Have you read said entries? Buy Bennett’s audio version and listen to him read in his faintly embarrassed tones, which are no less genuine for having been cultivated. Miss Shepherd exists in the margins of his life, someone he had to reckon seriously with only when she or some crisis in her increasingly enfeebled existence imposed on him. She was — despite some inquiries he made about her background — a mystery to the end. Even the inside of that van was off limits until they removed her body.
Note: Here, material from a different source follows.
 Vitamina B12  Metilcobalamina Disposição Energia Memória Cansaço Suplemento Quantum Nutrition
In his theatrical adaptation and now this screenplay, Bennett gives us not one but two Alan Bennetts, played onscreen by Alex Jennings with a high-tenor squeak just this side of Truman Capote and the sad frown of Stan Laurel. The gimmick is that one Bennett encourages the other to exploit Miss Shepherd (Maggie Smith) as fodder for a play or movie script and add events and interactions that never happened but would play well. The other Bennett worries that he’s exploiting her. He should have just used her — no shame, she was an exhibitionist and is dead now anyway — and gotten on with it. The two Bennetts double his tedious squeamishness, and scenes with his friends (“How’s your old lady?”) triple it. We already know how conflicted he is.
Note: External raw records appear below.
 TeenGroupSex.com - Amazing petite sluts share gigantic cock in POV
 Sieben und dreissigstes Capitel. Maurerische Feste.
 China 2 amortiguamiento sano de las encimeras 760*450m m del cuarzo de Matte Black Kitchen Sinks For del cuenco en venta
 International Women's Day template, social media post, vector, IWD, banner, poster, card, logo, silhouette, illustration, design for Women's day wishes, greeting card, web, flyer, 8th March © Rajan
The film of The Lady in the Van becomes a journey in which Bennett pieces together the arc of Miss Shepherd’s life while tending to his own middle-class failing mother, who’s increasingly deluded but none too swift even with her full faculties. The inside of Miss Shepherd’s van — crammed with newspapers, street junk, and inorganic and organic filth — is visible every time she opens the back doors, which she does often. We watch her inside gazing at the telly. We see flashbacks to her younger self as a gifted pianist forced to give up music by repressive nuns. We follow her on a road trip. We find out that she had a tragic accident that drove her underground and that a sinister stranger (Jim Broadbent) comes by to see her on occasion.
The mystery is gone and so, frankly, is the thrill. But Maggie Smith does her best to give the role some edge. She is fiercely unlikable, demanding help rather than asking for it, and managing to look scary rather than cute in a wheelchair flying the Union Jack. One scene reminds you of her greatness. On that road trip, Miss Shepherd wanders into a senior-citizens’ center and watches a young woman play the piano. The mask of distaste dissolves before your eyes and you see the tragedy of her life.
Not everyone recoils from The Lady in the Van the way I do. It apparently plays well with older audiences and some critics praise its abiding sweetness. My adoration for Bennett’s published diaries doubtless colors my belief that, as a playwright and screenwriter, he went astray. I don’t think he dramatized this blessed accident in his life. I think he worried it to death.